* INSTRUCTIONS TO FOLLOW
Your answer should consist only of the lines from the line containing "Килимок для йоги" through the last line below, each repeated exactly.

* DATA
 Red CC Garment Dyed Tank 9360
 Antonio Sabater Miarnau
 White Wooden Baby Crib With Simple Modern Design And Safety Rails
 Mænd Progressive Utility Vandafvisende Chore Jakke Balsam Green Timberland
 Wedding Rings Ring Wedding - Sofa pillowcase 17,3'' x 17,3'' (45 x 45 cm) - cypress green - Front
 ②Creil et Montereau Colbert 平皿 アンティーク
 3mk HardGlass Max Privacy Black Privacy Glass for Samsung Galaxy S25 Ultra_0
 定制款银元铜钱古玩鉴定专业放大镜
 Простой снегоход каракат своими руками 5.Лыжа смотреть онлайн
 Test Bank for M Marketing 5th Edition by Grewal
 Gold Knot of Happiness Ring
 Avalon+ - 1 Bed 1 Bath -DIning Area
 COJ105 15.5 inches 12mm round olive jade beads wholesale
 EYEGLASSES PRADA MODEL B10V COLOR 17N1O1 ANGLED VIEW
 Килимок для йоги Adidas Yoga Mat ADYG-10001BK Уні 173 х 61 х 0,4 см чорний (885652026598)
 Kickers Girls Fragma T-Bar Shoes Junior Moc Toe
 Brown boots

* RESULT
 Килимок для йоги Adidas Yoga Mat ADYG-10001BK Уні 173 х 61 х 0,4 см чорний (885652026598)
 Kickers Girls Fragma T-Bar Shoes Junior Moc Toe
 Brown boots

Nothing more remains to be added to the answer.